As a Program Manager at Atlassian for the last 6ish years, my most favourite moments in driving a program are managing decisions and risks. I get all the warm fuzzies (and my team does, too!) when we make key decisions and knock out agitating risks.

When it comes to logging and tracking the wide array of decisions and risks throughout a program’s life, I have two favourite flavours. My first flavour is your basic vanilla :vanilla_icecream: in the form of a Confluence table. My second flavour is neapolitan :ice_cream: in the form of a project in Jira Software (JSW).


:vanilla_icecream: Vanilla for simplicity

Confluence tables are great in their simplicity with set-up and ease of use. I’ve found a Confluence table works well when there’s a need to track a series of questions (aka decisions) to gain better clarity between teams on a specific feature or capability. I’ve also found a table fits the bill when a program is relatively small with low complexity so there’s rather a bounded number of decisions to be made and anticipated risks.


Example of a decision register using a Confluence table

Screenshot 2023-11-09 at 4.01.44 PM.png


 Example of a risk register using a Confluence table

Screenshot 2023-11-09 at 3.55.20 PM.png


:ice_cream: Neapolitan for more flavour

For the most part, programs are complex and ambiguous So, most of the time I use Jira Software (JSW) over a Confluence table to track decisions and risks for my programs. When a vanilla flavour doesn’t cut it, switch to neapolitan to meet your and your stakeholders cravings!

Just like how I have separate tables in Confluence for a decision register and a risk register, I have separate projects in JSW for those same registers. Using a kanban template in a team-managed JSW project, I set up my program and underlying workstreams as epics and the open decisions and risks as individual issues. Columns in JSW represent the different statuses (identified, in progress, etc.).
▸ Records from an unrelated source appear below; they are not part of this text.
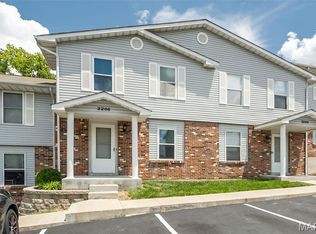 2266 Highland Hill Dr UNIT F, Saint Peters, MO 63376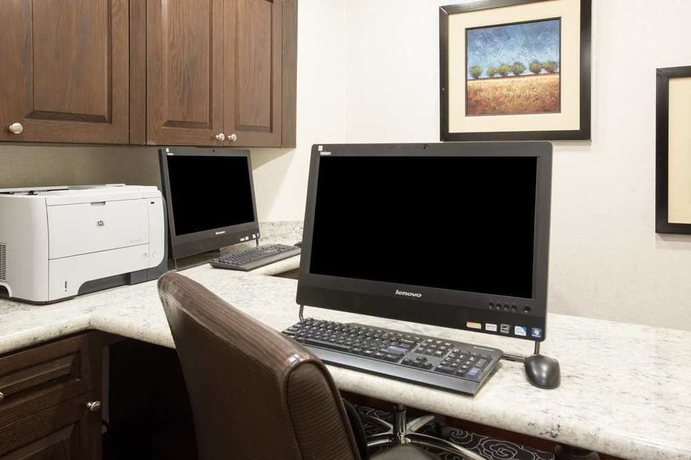 Imagen de los interiores del Hotel Homewood Suites Phoenix Avondale. Foto 13
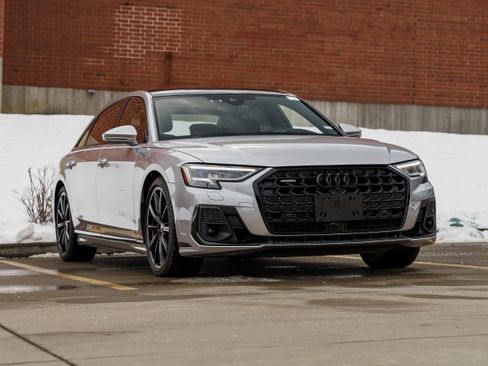 Used 2022 Audi A8 L 3.0T image 1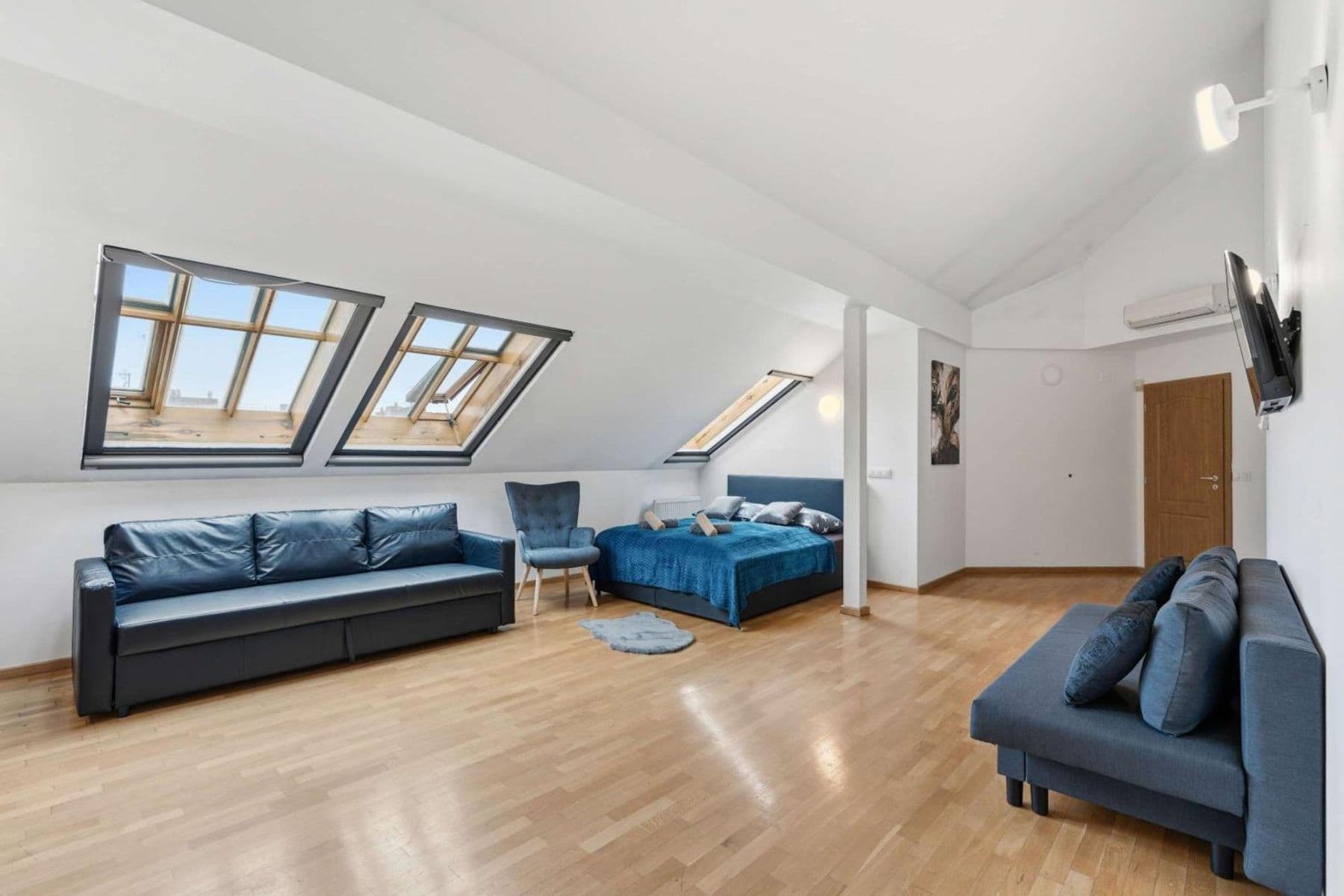 Prenájom bytu 182 m², Zborovská, Praha, Praha Prenájom bytu 182 m², Zborovská, Praha, Praha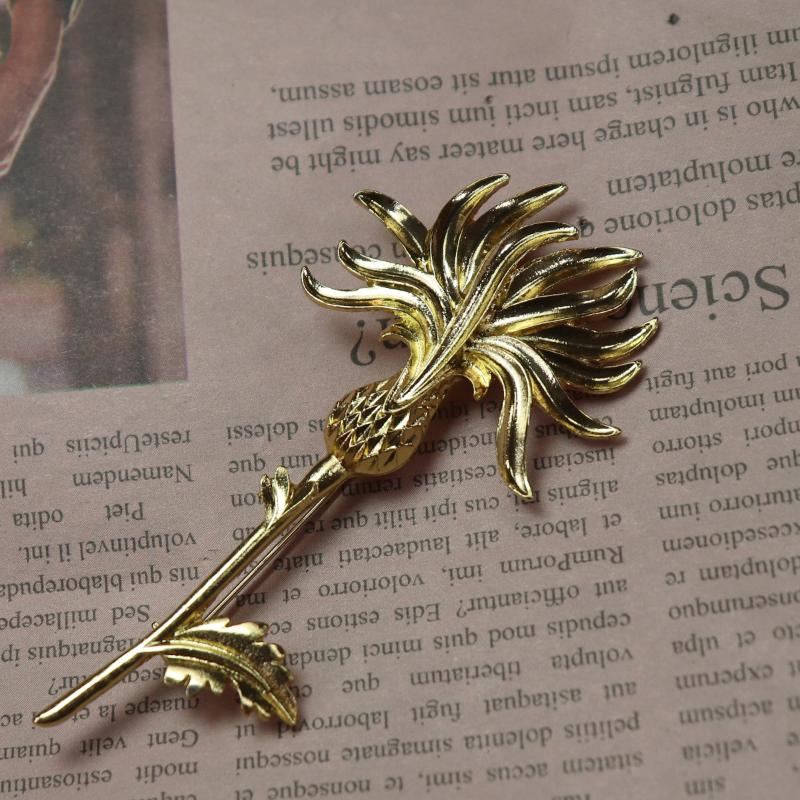 

Vintage Thistle Flower Brooches For Women Unisex 2-Color Metal Grass Plants Party Casual Brooch Pins Gifts 1PC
Here are the main reasons why I love using JSW for logging and progressing decisions and risks for a program:


  1. Swimlanes! When key decisions and risks pile up, visual acuity is key. JSW provides a nice swimlane view of decisions and risks against status. I can easily see program and workstream level decisions and risks in a structured manner and smoothly progress them across the JSW kanban board as the decision/risk gets worked on. I can also quickly see the number of decisions/risks against status (identified, in progress, etc.) as there’s a count for each status column.

Screenshot 2023-11-09 at 3.57.06 PM.png
  1. Labeling for laser focus. Labeling in JSW is great to further categorize decisions and risks that can then be specifically viewed via filtering. I tend to start with “beta” and “ga” (general availability) as default labels in my programs and later add more labels as it makes sense to. Specific labels along with a due date on a JSW issue helps my team to better frame the relevance and urgency of the issue.

Screenshot 2023-11-09 at 3.57.54 PM.png


  1. Flag! You’re it! While I use the priority field in JSW, I also use the flag function to especially highlight those decisions and risks my program team needs to whack down ASAP. This visual highlight (the JSW decision/risk issue is set to a different color) is great to leverage in my weekly program team sync to keep the convo focused on the key open decisions and risks we need to work on for the week.

Screenshot 2023-11-09 at 3.58.34 PM.png


  1. Custom fields for custom needs. Real estate in a Confluence table can get really cramped as you start populating it with free form data. I love that JSW allows me to create custom fields where I can neatly capture key info like who are the contributors and approver for a decision or what is the impact and likelihood a risk will happen. This info can easily and quickly be seen in JSW.

Screenshot 2023-11-09 at 3.59.13 PM.png 

  1. Comments for the hash out. Each decision and risk in JSW is it’s own issue, so clear discussions can be held on each of them via comments in the issue. Not only am I able to keep a clear historical reference of async discussions on the decision or risk but I can also use the comments field to capture key points made during live discussions on the decision or risk. I find this to be a lot cleaner than in-line commenting on a Confluence table which can start to get hairy.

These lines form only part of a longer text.